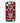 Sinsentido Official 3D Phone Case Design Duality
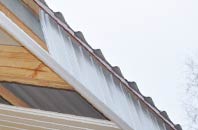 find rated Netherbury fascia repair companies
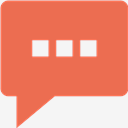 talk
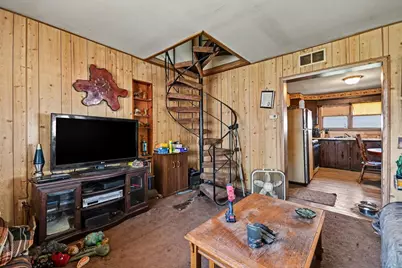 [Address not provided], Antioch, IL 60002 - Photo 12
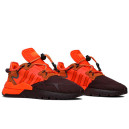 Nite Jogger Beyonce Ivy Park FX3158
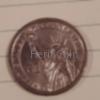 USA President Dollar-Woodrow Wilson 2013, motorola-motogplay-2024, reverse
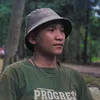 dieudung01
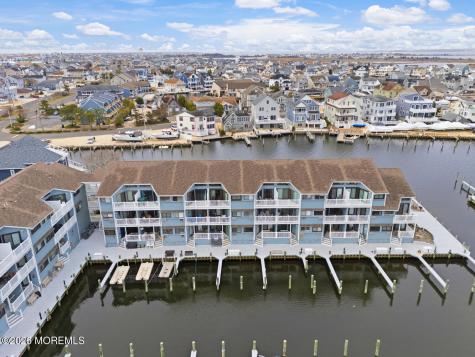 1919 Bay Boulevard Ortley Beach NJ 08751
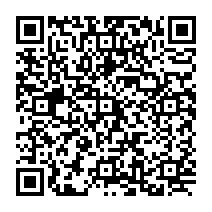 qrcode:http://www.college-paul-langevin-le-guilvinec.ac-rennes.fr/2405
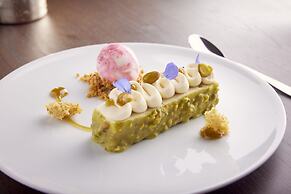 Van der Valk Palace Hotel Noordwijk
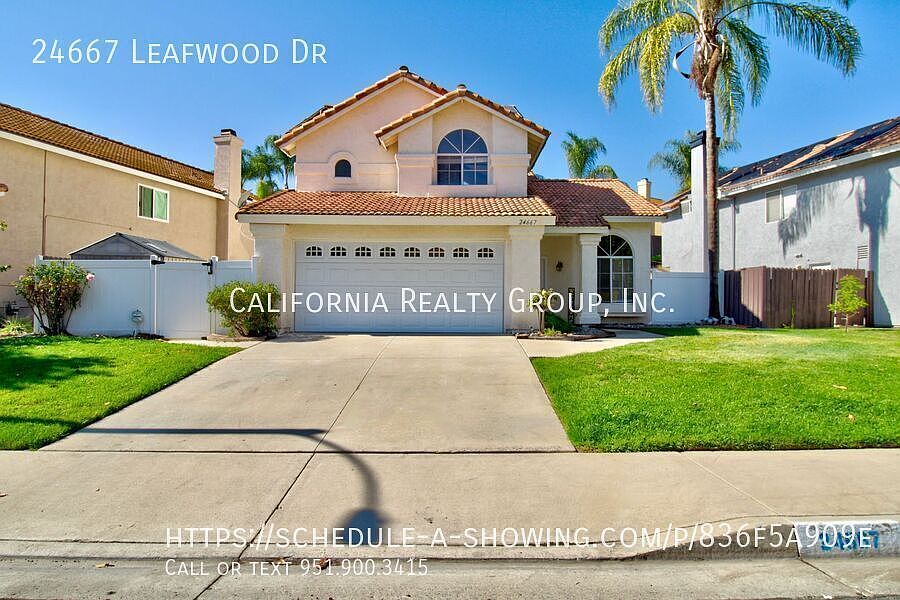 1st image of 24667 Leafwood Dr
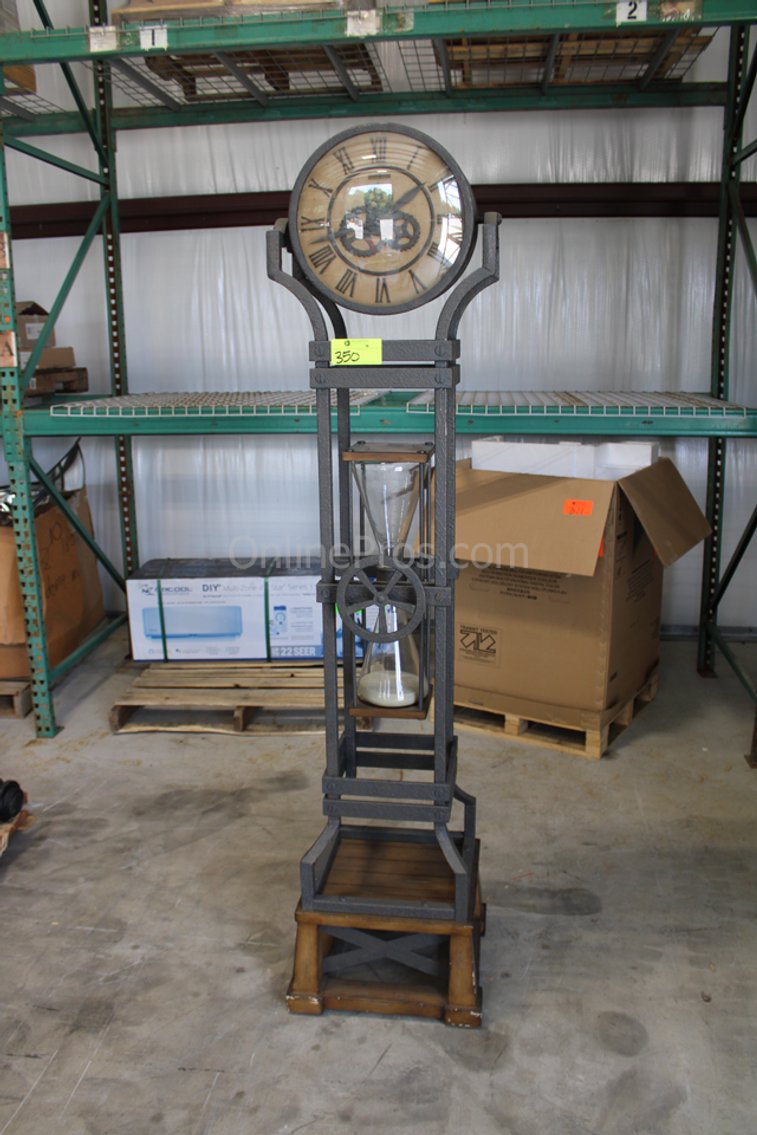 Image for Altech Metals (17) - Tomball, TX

***

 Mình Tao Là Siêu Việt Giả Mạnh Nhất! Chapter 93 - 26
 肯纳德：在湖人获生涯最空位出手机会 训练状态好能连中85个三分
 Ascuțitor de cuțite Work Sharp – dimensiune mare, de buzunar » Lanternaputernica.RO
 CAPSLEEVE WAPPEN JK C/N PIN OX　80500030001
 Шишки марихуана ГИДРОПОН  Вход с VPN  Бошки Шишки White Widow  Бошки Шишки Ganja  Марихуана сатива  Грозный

***

Please return the lines above that run from the line containing "Ascuțitor de cuțite" to the line containing "Шишки марихуана ГИДРОПОН", inclusive, exactly and with no other lines.

 Ascuțitor de cuțite Work Sharp – dimensiune mare, de buzunar » Lanternaputernica.RO
 CAPSLEEVE WAPPEN JK C/N PIN OX　80500030001
 Шишки марихуана ГИДРОПОН  Вход с VPN  Бошки Шишки White Widow  Бошки Шишки Ganja  Марихуана сатива  Грозный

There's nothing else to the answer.